Could you describe the specific goals of the separation?

In particular, could you take a step back, and think about the specific
problems which you are really trying to solve, rather than tying the
solution to this specific mountpoint. Knowing more about the specifics
of your use case would help.

As an example of my own thinking. Most of / should be ro+nodev just
like for /usr. So one deeper question is which bits of / shouldn't be
ro/nodev? /etc? /var? Maybe the separation shouldn't be between / and
/usr. Maybe it should be between / and /etc and /var? Others?

I should point out that I wrote a set of patches for mounting /etc in
the initramfs as well as /usr, specifically so that you could do this.
Including over NFS. You could have separate mount options, encryption,
whatever, for a separate /etc filesystem. The approach is extensible to
other directories as well, should you wish. These patches were never
integrated into initramfs-tools, but can be resurrected or redone with
relatively little effort; the /usr support required adding the generic
infrastructure for mounting arbitrary filesystems.

> 2) having /usr mounted over the network keeping / local;


The supported use cases here are:

- having / mounted locally
- having / mounted over the network (including /usr) -- the recommended
setup for NFS

While the initramfs does support both local / and remote /usr (by *my
own design and intent*), this is purely to avoid breakage on upgrades.
It's not a recommended setup.

All the cluster nodes I've set up in the past used NFS / + local
writable overlay and worked well.

The supported use cases will not be impacted by usrmerge (again, by my
own design since I did the groundwork for it), but the local / and
remote /usr will be affected.

> 3) having a /usr partition shared by several local installs that are
> booted on different / filesystems;


It's important to point out here that this has never, *ever*, been a
supported or recommended way of running a Debian system. It's clearly
(and obviously if you think about it) broken by design.

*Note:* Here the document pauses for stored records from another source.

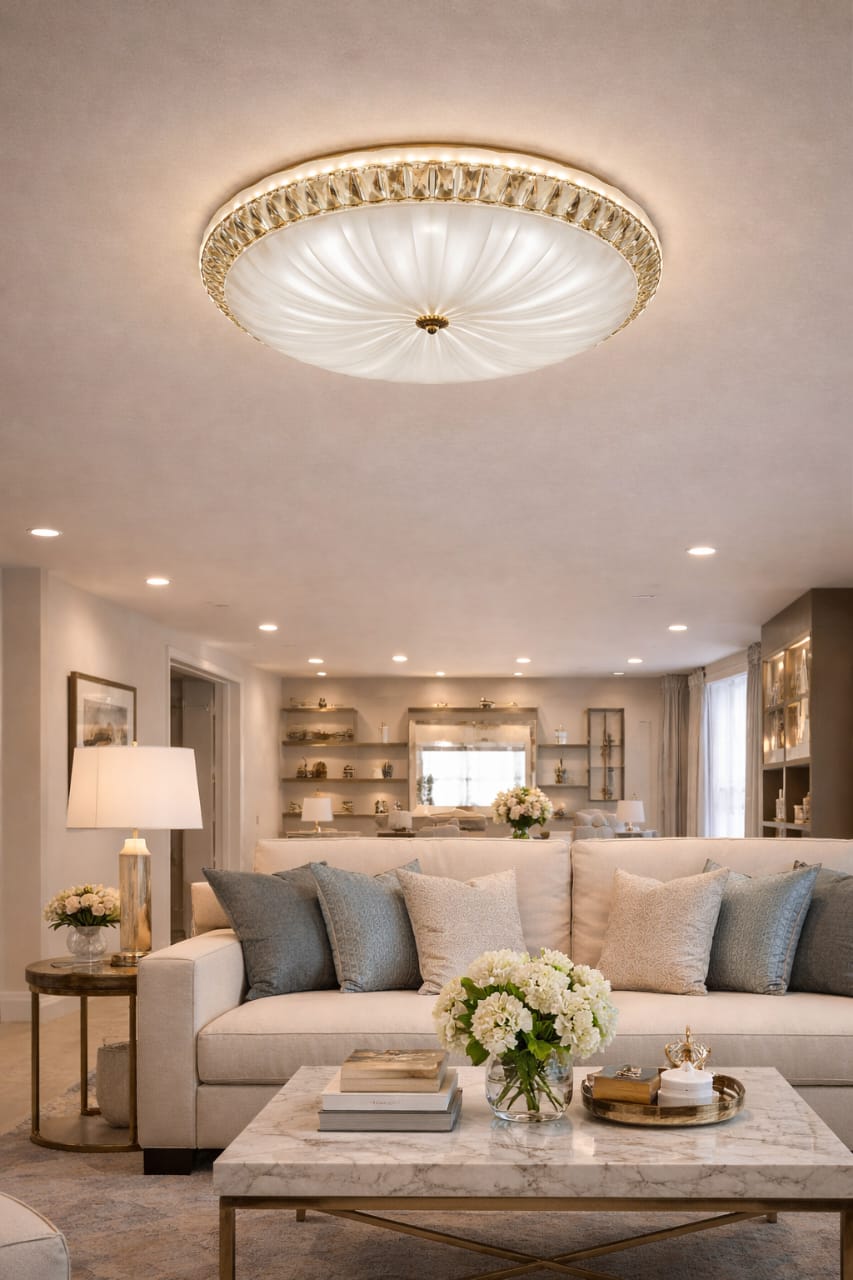 Luxury Crystal Flush Mount LED Ceiling Light Gold Round Modern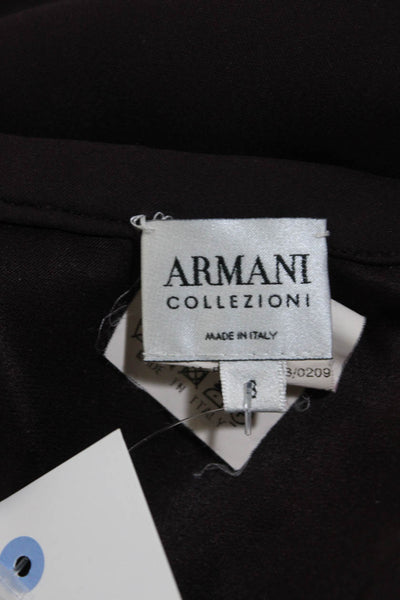 Armani Collezioni Womens Lined Knee Length Straight Skirt Plum Size 8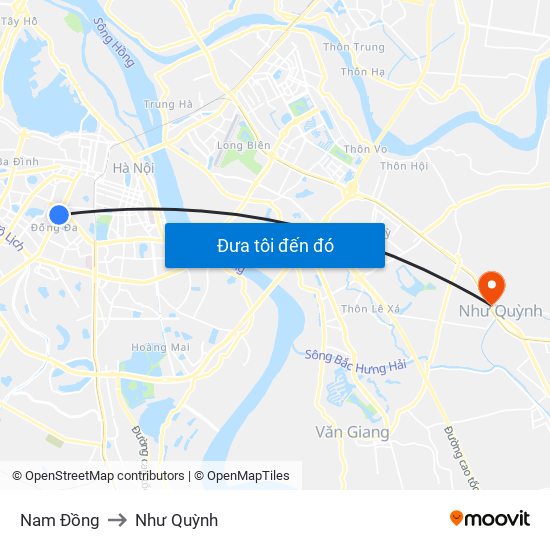 Nam Đồng to Như Quỳnh map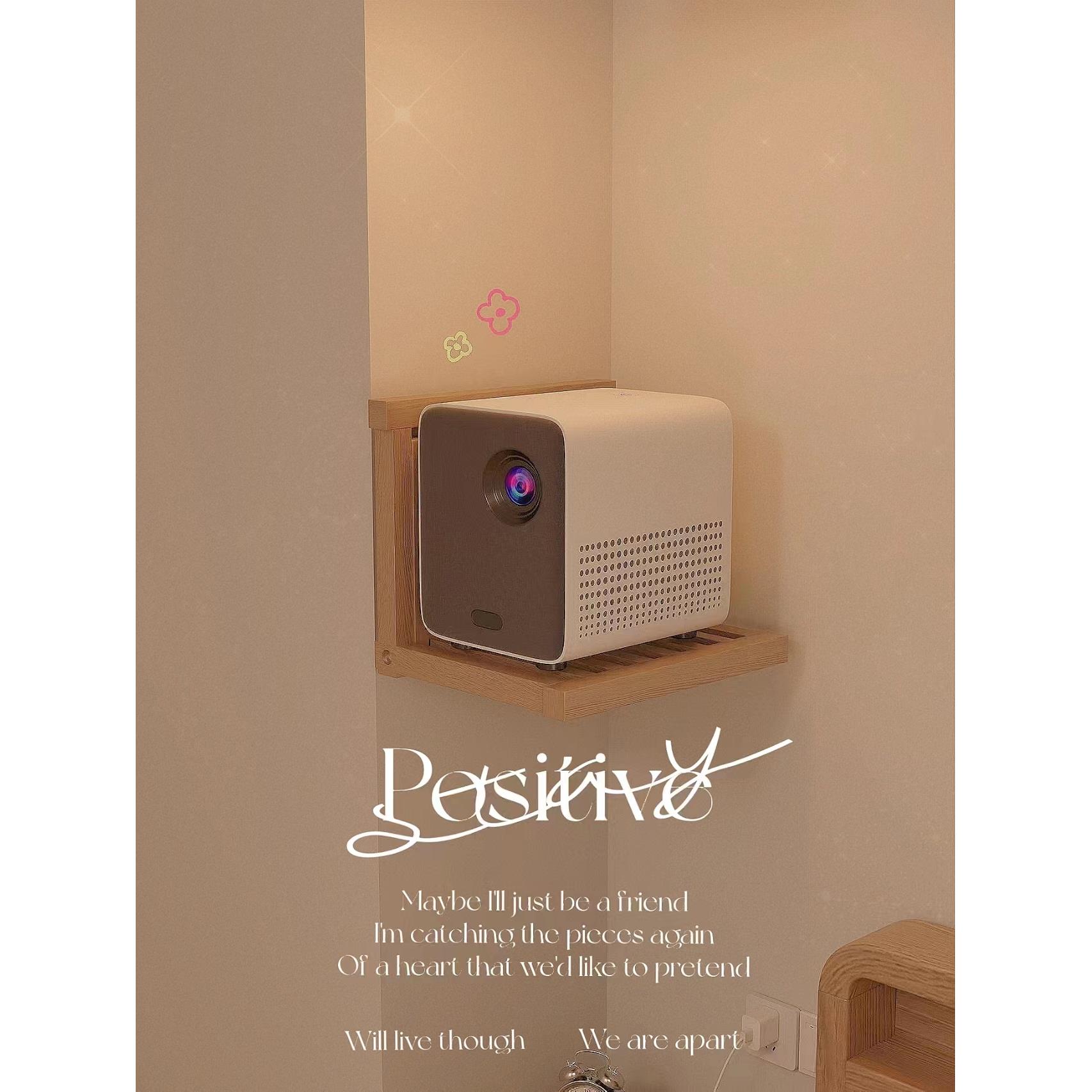 投影仪家用卧室投墙支架壁挂式简易悬浮置物架床头实木折叠收纳层架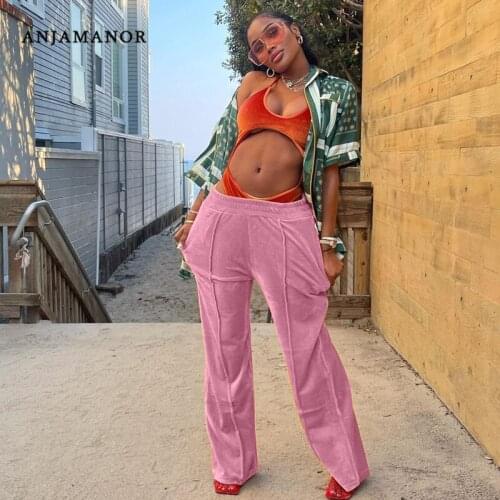 ANJAMANOR Women's Velvet Trousers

The content of that /usr filesystem is under the control of *one* dpkg
package database on a single system. If *any* of the other systems
install or remove any package touching /usr (which is all of them!),
they will be corrupting the installation. Files are going to be added
which aren't tracked. Files which are tracked are going to be removed
when they shouldn't. And the maintainer scripts which handle
migrations, generate data, and generally futz with specific bits of the
filesystem tree, are going to do very undesirable things. They also add
and remove system users which won't be added or removed on the other
systems.

Even mounting it read-only is giving you an incomplete view of the
installed packages' contents.

This is not a sensible or robust strategy (and I'm *severely
understating* the severity of the problem when I put it this way).

It would be possible to share the ports tree on a FreeBSD system, since
it's mostly self-contained, so long as it's read-only (it has unshared
data in /var including the package database, so can't be read-write).
But this is not reasonable with dpkg, by design. The packages are
putting data in / and /usr, as well as /var. You cannot just export
/usr without getting into an inconsistent and incoherent mess.

> 4) having the smallest possible / filesystem to ease recovery of a
> botched system.


I'd personally go for a dedicated rescue disk/USB stick/live CD for this
specific purpose. As I mentioned right at the top, / and /usr have been
inseparable for booting for the last 5 years. Even with an emergency
boot, /usr is going to be mounted early. And you might well need the
tools and libraries on it to effect a repair.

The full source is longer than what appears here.